A previously unrecorded invasive seaweed has been discovered in the Fal and Helford Special Area of Conservation. Wakame is large, brown non-native kelp associated with the temperate waters of Japan, China and Korea.
It is hoped that the early detection of this invasive species, and the quick response for its removal taken by a team from Cornwall Wildlife Trust’s Investigate Invasives project, Natural England and the Port of Truro, will prevent further spread.
Wakame, scientific name Undaria pinnatifida, grows rapidly and is regarded as invasive with the potential to outcompete native seaweed communities. In recent times it has been introduced to European shores for commercial interest, however, up until now has only been recorded in the UK as far west as Plymouth.
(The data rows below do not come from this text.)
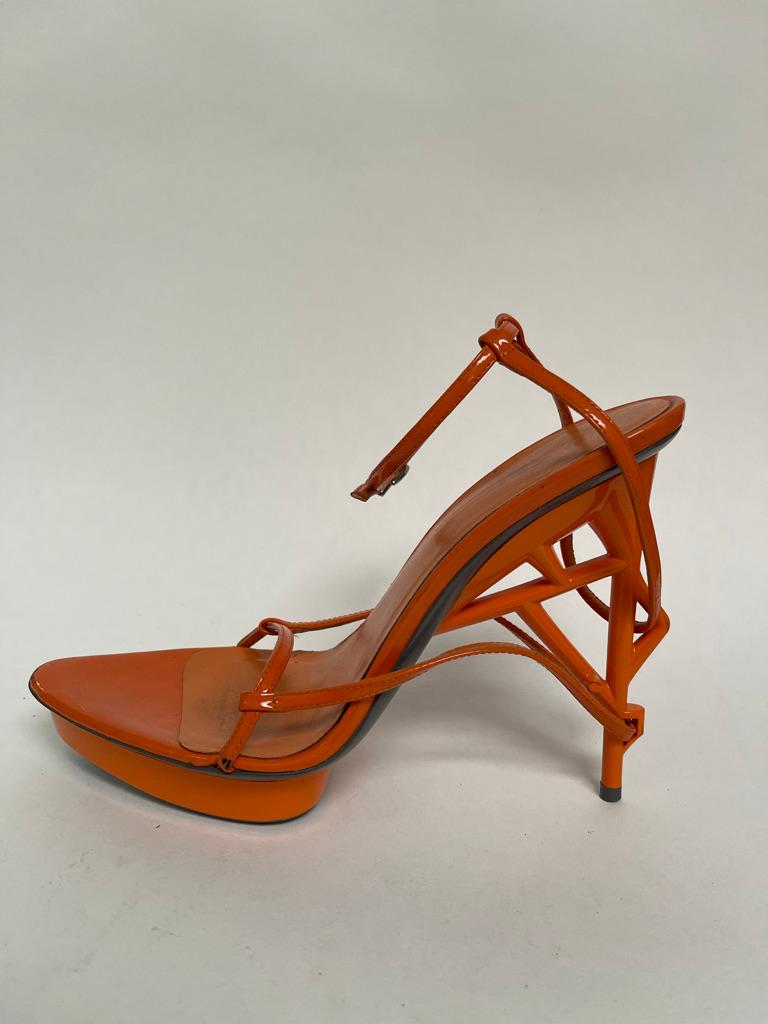 A fun architectural shoe, bright orange and fun. 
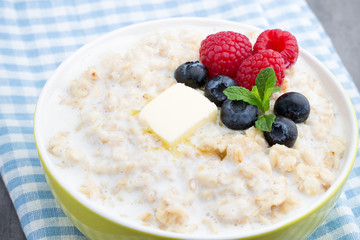 Oatmeal porridge in bowl with berries raspberries and blackberries.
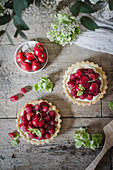 Cherry and raspberry tarts on a wooden rustic table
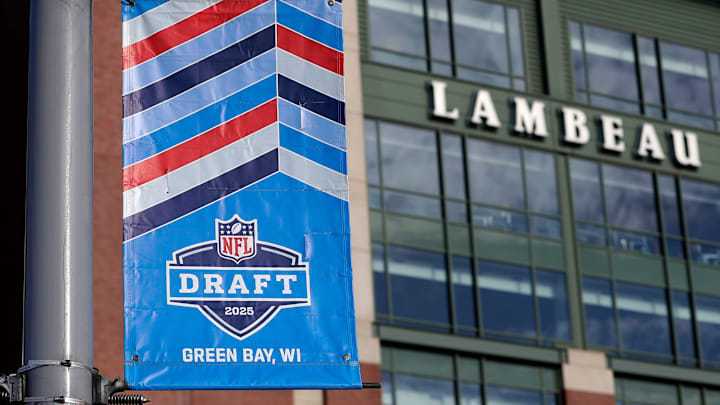 A banner advertising the 2025 NFL Draft on display in the parking lot of Lambeau Field on April 11, 2025, in Green Bay, Wis.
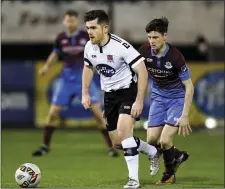  ??  ?? Luke Rossiter chases Dundalk’s Ronan Murray.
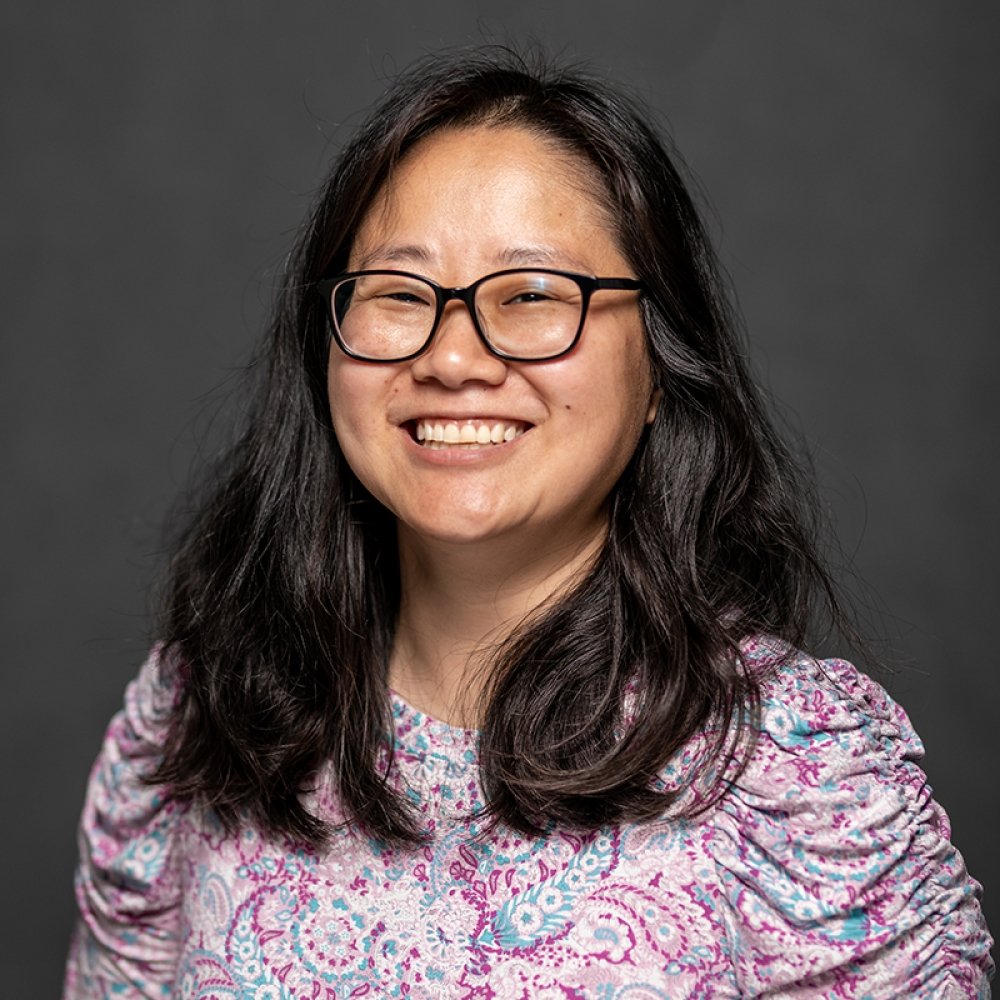 Person wearing glasses and smiling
It can form dense mats that clog up marinas and recreational areas as a result of its prolific growth.
Kevan Cook Lead Advisor for Natural England’s Cornwall, Devon and the Isles of Scilly Marine team advises, “Follow up surveys will need to be undertaken to check for further outbreaks in case spores released by the kelp have settled further afield. The Fal Estuary is part of a site of European importance, and Natural England is keen to be part of any work that will maintain the special biodiversity of the estuary.”
Lisa Rennocks, Investigate Invasives Project Officer from Cornwall Wildlife Trust says: “One of the ways in which non native organisms can be introduced is on the hull of both commercial and recreational boats. We are trying to build up a picture of which non-native invasive species are threatening our coastal waters, and would like boat owners and marinas to watch out for anything unusual when they are cleaning off the hulls of their boats as there may be invasive species amongst the fouling communities.”